Bake for 45 minutes to an hour or until the masa is set. Take off the foil and remove the tamale casserole from the roasting pan. Let it cool slightly before serving. Remove the water filled large roasting pan after the oven has cooled off.

Serve warm with chili gravy, sour cream, shredded cheese, chopped onions, salsa, or whatever your heart desires. Leftover pork mixture may be used in tacos, enchiladas, burritos, and tostadas, or frozen for later use.

Chili Gravy
(Printable Recipe)

1/4 cup oil
1/4 cup flour
1 teaspoon powdered garlic
2 teaspoons ground cumin
1/2 teaspoon dried oregano (Mexican oregano, if available)
2 tablespoons unsalted chili powder
2 cups water or NSA broth

Heat the oil in a skillet over medium-high heat. Stir in the flour and continue stirring for 3 to 4 minutes, or until it makes a light brown roux.

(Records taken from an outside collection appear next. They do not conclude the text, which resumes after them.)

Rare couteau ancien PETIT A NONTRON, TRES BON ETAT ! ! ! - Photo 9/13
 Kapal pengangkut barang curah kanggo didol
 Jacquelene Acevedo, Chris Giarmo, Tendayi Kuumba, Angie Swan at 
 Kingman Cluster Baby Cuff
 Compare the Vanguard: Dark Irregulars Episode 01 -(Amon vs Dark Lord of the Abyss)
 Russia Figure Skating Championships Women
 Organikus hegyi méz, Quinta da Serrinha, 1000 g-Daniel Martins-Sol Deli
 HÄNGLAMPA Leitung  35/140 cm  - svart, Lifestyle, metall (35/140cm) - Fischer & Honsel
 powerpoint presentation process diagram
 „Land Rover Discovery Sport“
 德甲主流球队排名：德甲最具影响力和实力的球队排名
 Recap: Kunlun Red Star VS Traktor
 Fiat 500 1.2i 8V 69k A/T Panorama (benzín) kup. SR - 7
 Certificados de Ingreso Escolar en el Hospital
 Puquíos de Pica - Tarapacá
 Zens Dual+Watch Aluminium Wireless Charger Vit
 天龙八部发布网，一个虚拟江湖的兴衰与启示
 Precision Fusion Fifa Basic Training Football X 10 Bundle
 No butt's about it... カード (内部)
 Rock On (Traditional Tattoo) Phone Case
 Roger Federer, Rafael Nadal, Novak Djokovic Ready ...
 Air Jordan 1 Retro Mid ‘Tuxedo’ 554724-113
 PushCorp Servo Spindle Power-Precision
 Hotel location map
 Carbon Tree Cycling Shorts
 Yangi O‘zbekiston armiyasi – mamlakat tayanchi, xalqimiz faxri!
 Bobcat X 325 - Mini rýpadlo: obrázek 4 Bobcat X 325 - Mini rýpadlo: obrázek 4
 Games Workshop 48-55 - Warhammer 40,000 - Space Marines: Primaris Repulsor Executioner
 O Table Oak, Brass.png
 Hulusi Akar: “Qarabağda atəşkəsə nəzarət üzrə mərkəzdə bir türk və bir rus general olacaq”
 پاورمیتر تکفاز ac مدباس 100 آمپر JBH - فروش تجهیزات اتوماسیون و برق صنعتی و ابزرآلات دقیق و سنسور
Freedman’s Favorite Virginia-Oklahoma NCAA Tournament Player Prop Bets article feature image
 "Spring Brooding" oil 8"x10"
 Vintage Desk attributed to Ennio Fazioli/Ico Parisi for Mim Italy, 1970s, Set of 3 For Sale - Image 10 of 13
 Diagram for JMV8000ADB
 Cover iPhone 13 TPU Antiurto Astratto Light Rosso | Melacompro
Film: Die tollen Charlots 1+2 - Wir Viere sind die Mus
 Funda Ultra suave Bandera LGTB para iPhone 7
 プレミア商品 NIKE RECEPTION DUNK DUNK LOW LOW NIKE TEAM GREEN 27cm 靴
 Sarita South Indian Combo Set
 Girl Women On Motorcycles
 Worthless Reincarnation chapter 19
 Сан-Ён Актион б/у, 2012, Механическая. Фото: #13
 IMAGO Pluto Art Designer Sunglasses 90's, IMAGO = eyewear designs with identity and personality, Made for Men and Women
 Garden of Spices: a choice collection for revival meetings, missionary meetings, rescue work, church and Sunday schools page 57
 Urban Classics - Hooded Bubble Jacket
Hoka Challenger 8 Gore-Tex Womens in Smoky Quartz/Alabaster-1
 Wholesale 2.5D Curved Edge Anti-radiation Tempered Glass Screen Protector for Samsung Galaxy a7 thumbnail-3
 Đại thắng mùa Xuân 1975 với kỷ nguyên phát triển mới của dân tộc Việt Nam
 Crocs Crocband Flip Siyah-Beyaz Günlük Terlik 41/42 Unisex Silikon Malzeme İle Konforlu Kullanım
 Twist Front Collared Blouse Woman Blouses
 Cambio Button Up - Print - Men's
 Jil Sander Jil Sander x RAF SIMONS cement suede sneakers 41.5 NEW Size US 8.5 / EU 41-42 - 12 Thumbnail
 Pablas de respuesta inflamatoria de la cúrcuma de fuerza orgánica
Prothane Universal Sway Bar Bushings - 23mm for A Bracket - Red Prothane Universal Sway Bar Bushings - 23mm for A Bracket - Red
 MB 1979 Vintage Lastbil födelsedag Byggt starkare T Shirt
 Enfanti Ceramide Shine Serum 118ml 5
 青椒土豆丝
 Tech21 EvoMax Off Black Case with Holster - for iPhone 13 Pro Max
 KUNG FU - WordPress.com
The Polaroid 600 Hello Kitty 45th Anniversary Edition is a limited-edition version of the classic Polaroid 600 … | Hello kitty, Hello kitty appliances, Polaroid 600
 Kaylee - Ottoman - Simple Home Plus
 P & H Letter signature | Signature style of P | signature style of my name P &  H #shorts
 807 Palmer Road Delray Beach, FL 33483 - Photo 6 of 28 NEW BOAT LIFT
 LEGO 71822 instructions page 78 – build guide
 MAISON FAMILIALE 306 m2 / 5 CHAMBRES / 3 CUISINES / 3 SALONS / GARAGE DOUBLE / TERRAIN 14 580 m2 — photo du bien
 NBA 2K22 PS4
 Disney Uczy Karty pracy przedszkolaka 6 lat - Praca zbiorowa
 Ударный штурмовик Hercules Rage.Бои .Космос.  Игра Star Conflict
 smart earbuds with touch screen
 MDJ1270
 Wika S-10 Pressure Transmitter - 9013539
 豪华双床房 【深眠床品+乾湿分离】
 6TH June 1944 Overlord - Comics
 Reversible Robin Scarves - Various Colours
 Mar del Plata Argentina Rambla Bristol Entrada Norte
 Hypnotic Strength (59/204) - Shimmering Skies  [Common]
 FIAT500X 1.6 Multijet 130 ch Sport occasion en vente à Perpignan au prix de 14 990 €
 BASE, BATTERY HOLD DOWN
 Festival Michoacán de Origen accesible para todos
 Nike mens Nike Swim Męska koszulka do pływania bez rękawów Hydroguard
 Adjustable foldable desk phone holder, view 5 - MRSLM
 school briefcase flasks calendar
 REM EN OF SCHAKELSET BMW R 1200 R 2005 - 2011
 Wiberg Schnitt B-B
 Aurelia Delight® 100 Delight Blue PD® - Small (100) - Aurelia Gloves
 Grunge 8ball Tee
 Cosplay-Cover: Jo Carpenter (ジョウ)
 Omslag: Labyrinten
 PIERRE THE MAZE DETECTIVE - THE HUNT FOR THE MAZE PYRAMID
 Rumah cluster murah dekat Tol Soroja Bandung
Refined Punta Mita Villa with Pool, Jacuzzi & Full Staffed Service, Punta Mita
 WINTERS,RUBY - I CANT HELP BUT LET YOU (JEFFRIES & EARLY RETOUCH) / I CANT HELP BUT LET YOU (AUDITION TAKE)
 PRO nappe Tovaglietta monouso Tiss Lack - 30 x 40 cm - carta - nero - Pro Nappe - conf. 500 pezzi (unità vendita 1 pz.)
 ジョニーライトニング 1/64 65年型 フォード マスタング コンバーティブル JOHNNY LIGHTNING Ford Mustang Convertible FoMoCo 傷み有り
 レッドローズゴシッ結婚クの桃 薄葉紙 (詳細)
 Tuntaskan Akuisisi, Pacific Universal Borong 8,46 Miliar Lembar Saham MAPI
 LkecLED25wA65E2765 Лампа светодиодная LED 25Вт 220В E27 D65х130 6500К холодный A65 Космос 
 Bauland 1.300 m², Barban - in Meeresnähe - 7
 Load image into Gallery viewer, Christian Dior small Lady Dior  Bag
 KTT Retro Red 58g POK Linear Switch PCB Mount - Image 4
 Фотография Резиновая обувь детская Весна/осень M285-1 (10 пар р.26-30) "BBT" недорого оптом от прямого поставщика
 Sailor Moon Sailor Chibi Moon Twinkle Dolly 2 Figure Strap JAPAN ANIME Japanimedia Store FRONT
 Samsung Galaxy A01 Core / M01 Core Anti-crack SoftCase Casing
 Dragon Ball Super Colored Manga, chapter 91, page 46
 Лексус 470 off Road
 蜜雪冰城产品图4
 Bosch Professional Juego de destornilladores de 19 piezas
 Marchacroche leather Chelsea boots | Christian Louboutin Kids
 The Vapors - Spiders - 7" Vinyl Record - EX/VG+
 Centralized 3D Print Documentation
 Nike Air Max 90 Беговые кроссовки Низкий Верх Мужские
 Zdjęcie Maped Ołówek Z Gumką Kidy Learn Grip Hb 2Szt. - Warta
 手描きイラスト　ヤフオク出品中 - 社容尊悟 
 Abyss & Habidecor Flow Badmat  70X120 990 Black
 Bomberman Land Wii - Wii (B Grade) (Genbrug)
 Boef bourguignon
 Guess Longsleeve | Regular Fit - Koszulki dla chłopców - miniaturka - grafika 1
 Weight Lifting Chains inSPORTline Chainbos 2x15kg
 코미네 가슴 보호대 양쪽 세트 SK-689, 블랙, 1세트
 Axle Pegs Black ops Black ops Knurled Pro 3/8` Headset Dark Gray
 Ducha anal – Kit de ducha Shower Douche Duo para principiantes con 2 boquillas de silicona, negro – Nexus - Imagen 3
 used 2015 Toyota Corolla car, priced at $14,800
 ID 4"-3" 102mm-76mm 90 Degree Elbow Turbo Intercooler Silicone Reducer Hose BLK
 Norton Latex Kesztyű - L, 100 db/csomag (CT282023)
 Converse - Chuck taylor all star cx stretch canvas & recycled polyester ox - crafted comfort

Add all the dry ingredients and continue to cook for 1 minute, constantly stirring and blending ingredients. Add NSA broth or water, mixing and stirring until the sauce thickens. Turn heat to low and let sauce simmer for 10 minutes. Add water to adjust the thickness. Makes about 2 cups.


Lucy said...

This looks wonderful and I do believe you've got it! I've never attempted making tamales myself, but your method does seem doable for sure.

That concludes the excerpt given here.